Разброс точек зрения поистине широчайший – от трагедии до пародии. Так, Набоков видел в финале «Евгения Онегина» драму непонимания. Шкловский, напротив, считал, что Пушкин просто пародировал Татьяну, что поэт шутил[216]. «Ирония хорошо прослеживается на всех уровнях романа», – продолжает эту мысль современный исследователь Гуменная, считая, что, когда анализируется Татьяна, об иронии забывают. Ее вечная любовь и отказ Онегину таят иронию Пушкина. Поэт пародирует светские любовные отношения, стиль жизни Татьяны описан с издевкой. В романе нет ее идеализации, каковая имеется в пушкинистике[217].
Иной взгляд у Клейтона. «Сентиментальная схема, которую Достоевский навешивает на роман, достигает своего апогея в его интерпретации отторжения Татьяной Онегина». По мнению Клейтона, Достоевский, сентиментализируя героиню Пушкина и превращая ее в идеал, просто освобождает семейные отношения Татьяны с мужем от какого бы то ни было сексуального контекста.
А ведь это не Достоевский, но сам Пушкин – такой вечно сексуально озабоченный, виртуозно устраняет тему секса во всех отношениях своих героев, не предвидя, что сегодня внесексуальные отношения Онегина и Татьяны японскому пушкинисту К. Касаме покажутся подозрительными. «Думается, двух героев, Онегина и Ленского, связывают не просто дружеские отношения, – пишет Касама. – В особенности это касается Онегина… И здесь нельзя не почувствовать психологическую драму ненормальной гомосексуальной любви и ненависти… Пушкин, вероятно, намекает на гомосексуальные наклонности Онегина и говорит, что Татьяна все поняла»[218]. Вот, оказывается, почему Татьяна отказала Онегину: он был в сексуальной связи с Ленским! А пушкинистика ломает голову сто пятьдесят лет…
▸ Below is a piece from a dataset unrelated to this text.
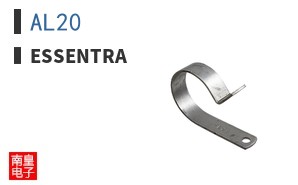 AL20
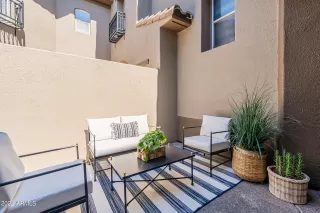 Photo #2: 6458273 Listing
Задолго до Флобера, провозгласившего: «Эмма – это я», Кюхельбекер написал, что «Пушкин похож на Татьяну»[219]. Отказ Татьяны, по Андрею Синявскому, имеет быть оттого, что пушкинская Муза прочно ассоциируется с хорошенькой барышней, такой, какие всегда возбуждали поэта. «Незадачливая партнерша Онегина», «хладнокровная жена генерала», Татьяна Ларина и являлась лучшей Музой Пушкина. Отсюда Синявский делает вывод: «Я даже думаю, что она для того и не связалась с Онегиным и соблюла верность нелюбимому мужу, чтобы у нее оставалось больше свободного времени перечитывать Пушкина и томиться по нем. Пушкин ее, так сказать, сохранял для себя». Пушкин для себя оставил «девственной ее, избранницу, что, как монахиня, отдана ни тому, ни другому, а только третьему, только Пушкину»[220].
Пушкинское «я» имеется во всех героях романа. Лев Сергеевич Пушкин вспоминает о брате: «Он любил придавать своим героям собственные вкусы и привычки». Эпиграф из друга Вяземского «И жить торопится / И чувствовать спешит» говорит о Пушкине не меньше, чем о его герое: «В 4-й песне Онегина я изобразил свою жизнь». Голоса современников, «что набросал я свой портрет», – волновали автора, и он, разумеется, отмежевывался. Но прозрачность литературного флера легко угадывалась. «А что человеку (между нами будь сказано), – замечает Карамзин, – занимательнее самого себя?»[221].